Ils la raccompagneraient peut-être en
bateau.
Il faudrait qu’elle invente une excuse, une fois
là-bas.
Il lui demanderait peut-être. Demain. Oui,
demain Christer lui demanderait sûrement. Il était resté sur le
ponton, c’était bien lui.
– Le maillot !
Je ne veux pas. Non ! Non ! Si
j’enlève mon maillot, ils feront ce qu’ils voudront. Je ne dois pas
le faire. Je dois le garder sur moi !
– Je ne veux pas !
– T’enlèves ton maillot !
– Je ne veux pas ! Laissez-moi
tranquille !
– On ne va…
Une autre voix, vite interrompue.
– Ta gueule ! Rends-toi utile
plutôt !
Elle essaya de crier, elle se mit à crier. Tout
s’entendait à des kilomètres dans un silence pareil.
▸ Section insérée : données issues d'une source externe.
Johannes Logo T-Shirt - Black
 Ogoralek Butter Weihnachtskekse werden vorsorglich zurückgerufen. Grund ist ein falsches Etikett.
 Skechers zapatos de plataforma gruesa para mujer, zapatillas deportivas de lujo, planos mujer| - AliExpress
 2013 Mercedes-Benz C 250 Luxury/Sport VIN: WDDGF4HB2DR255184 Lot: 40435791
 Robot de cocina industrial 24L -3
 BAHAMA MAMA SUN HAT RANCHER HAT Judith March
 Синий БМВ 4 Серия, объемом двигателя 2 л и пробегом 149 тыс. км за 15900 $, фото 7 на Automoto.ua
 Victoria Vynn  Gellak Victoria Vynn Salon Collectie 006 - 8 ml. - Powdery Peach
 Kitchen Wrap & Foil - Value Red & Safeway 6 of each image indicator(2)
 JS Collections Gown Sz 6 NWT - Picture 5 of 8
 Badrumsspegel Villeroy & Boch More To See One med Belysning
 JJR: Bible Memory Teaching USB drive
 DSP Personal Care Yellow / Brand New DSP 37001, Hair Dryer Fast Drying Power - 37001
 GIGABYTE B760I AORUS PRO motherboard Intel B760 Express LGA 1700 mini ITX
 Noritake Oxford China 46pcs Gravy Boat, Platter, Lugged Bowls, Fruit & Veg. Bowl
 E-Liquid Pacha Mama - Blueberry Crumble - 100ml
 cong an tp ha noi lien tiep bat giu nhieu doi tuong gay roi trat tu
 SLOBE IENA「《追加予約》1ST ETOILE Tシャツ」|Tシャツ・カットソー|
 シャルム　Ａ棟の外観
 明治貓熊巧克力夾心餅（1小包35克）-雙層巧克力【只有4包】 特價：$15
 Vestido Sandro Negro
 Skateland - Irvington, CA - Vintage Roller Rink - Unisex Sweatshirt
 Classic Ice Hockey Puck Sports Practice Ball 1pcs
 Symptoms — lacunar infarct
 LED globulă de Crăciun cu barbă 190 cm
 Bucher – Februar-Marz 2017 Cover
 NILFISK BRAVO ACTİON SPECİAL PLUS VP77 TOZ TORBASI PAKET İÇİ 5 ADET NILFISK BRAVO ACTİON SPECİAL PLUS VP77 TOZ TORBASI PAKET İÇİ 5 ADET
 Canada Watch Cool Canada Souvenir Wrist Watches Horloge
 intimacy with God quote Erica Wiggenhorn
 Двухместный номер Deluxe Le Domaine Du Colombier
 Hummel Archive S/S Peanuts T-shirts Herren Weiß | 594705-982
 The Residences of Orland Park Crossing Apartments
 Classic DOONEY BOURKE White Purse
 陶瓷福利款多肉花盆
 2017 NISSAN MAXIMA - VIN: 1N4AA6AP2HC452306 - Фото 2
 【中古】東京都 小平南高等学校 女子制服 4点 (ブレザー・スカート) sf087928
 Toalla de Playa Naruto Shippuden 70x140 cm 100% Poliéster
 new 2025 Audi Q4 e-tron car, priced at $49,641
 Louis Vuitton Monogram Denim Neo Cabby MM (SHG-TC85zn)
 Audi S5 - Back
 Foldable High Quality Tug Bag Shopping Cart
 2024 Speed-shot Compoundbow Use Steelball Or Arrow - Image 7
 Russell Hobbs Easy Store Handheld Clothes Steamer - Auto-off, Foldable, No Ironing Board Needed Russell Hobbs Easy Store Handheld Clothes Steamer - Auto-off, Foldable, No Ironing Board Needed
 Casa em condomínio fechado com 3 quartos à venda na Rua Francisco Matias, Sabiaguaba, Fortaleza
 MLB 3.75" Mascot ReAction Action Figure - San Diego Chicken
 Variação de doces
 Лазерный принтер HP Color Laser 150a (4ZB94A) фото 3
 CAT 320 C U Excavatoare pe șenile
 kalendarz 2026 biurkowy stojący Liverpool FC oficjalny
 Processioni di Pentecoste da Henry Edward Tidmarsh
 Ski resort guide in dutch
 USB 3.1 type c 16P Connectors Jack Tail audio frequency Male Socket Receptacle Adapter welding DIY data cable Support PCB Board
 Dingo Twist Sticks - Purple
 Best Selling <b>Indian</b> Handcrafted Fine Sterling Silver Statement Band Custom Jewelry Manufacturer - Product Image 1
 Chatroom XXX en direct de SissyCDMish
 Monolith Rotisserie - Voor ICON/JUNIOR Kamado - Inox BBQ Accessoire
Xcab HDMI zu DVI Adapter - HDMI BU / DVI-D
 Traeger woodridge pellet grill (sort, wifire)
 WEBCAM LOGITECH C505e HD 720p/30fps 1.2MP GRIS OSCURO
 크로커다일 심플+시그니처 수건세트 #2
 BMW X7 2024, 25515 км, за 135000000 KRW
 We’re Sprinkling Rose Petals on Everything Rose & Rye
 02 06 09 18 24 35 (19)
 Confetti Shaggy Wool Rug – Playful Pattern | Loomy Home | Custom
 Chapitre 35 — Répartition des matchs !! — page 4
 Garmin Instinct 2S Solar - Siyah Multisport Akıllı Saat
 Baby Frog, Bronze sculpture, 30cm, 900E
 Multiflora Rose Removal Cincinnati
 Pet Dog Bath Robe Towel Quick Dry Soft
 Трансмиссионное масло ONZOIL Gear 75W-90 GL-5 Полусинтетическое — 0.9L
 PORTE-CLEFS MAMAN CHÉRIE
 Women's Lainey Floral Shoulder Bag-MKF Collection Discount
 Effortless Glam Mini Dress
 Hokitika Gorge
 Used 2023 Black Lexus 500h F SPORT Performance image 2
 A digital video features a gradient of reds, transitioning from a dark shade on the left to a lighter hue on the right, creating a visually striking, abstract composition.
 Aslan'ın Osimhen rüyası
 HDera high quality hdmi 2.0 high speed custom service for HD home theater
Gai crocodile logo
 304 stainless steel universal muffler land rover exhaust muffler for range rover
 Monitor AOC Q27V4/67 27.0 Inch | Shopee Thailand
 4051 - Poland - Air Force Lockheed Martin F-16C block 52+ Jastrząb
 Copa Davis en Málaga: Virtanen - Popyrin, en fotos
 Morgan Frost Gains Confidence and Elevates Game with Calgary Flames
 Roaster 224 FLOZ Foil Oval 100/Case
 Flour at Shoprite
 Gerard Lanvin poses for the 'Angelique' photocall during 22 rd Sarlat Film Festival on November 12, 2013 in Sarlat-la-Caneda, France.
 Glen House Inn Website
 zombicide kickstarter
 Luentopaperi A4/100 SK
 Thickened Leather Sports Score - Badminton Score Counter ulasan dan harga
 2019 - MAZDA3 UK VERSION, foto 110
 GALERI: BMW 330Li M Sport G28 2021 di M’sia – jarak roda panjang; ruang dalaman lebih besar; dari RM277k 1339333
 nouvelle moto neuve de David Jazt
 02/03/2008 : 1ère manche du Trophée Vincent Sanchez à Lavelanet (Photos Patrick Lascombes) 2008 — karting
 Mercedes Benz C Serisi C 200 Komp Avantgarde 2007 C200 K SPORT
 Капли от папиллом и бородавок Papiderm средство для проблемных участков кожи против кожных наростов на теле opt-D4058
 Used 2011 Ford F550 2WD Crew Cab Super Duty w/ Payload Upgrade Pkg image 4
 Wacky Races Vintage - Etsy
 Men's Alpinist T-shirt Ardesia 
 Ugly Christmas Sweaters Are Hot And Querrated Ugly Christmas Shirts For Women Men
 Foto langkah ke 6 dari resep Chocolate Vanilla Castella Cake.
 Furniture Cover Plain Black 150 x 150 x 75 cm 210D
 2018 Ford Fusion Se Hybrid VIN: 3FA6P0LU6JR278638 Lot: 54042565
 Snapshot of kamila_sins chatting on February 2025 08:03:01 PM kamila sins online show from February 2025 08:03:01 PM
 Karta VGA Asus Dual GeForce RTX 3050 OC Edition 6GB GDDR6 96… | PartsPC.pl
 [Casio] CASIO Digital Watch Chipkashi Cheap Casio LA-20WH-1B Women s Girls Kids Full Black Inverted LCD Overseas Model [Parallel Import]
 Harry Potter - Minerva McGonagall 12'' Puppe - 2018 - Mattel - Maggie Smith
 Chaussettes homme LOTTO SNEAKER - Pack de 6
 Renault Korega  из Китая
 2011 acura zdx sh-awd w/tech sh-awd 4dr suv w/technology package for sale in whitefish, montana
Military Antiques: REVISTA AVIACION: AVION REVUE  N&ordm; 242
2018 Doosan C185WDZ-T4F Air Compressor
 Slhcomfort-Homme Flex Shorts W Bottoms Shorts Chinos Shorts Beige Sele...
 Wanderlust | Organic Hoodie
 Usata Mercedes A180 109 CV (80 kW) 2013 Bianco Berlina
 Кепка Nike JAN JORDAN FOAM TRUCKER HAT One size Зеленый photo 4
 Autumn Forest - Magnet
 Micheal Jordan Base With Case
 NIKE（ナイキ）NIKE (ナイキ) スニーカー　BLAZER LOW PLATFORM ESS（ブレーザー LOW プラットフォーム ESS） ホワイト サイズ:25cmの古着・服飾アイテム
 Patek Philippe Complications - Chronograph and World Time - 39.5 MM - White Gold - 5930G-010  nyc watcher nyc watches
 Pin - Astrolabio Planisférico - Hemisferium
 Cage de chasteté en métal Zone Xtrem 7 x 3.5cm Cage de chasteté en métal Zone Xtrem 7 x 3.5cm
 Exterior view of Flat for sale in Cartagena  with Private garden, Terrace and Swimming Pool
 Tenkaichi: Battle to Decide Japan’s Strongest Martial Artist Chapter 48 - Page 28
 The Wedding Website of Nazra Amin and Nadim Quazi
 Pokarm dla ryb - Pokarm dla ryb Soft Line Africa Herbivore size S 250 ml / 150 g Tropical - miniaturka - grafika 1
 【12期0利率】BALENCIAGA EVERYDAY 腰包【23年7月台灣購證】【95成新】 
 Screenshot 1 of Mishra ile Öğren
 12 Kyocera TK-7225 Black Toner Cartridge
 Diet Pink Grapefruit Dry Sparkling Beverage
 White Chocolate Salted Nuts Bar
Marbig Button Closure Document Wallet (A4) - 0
Le soleil
était couché. On entendait les voix encore plus loin après le
coucher de soleil.
– Au
se…
On lui plaquait maintenant
une main sur la bouche. Ça faisait mal. Elle eut l’impression de
perdre une dent. Elle essaya de se dégager. Elle lui mordit la main
aussi fort qu’elle pouvait.
– Aaïïe !
Elle sentit le goût du sang dans sa bouche. Son
propre sang peut-être. La main lâcha sa bouche. Elle était tachée
de sang. Presque noire de sang.
– Roger ! Tu m’aides,
bordel !
Une autre main vint se plaquer sur sa bouche.
Elle essaya de crier à nouveau, tout en ignorant si on pouvait
l’entendre. Il y avait d’autres voix tout autour. C’était comme si
les voix la tiraillaient. Tout le monde lui tirait dessus. Ils
allaient la déchirer. Elle essaya de plonger sous l’eau. Ils
étaient tous dans l’eau, debout dans l’eau. Si elle pouvait
plonger, juste disparaître sous la surface de la mer. Lorsqu’elle
se calma et tâcha de plonger, l’un d’eux lâcha prise et elle
s’enfonça dans l’eau. Elle ne voyait plus que des jambes. Ils
n’étaient pas en maillot de bain. Elle ne vit que des jeans
mouillés. Elle touchait le fond maintenant. Elle essaya de nager.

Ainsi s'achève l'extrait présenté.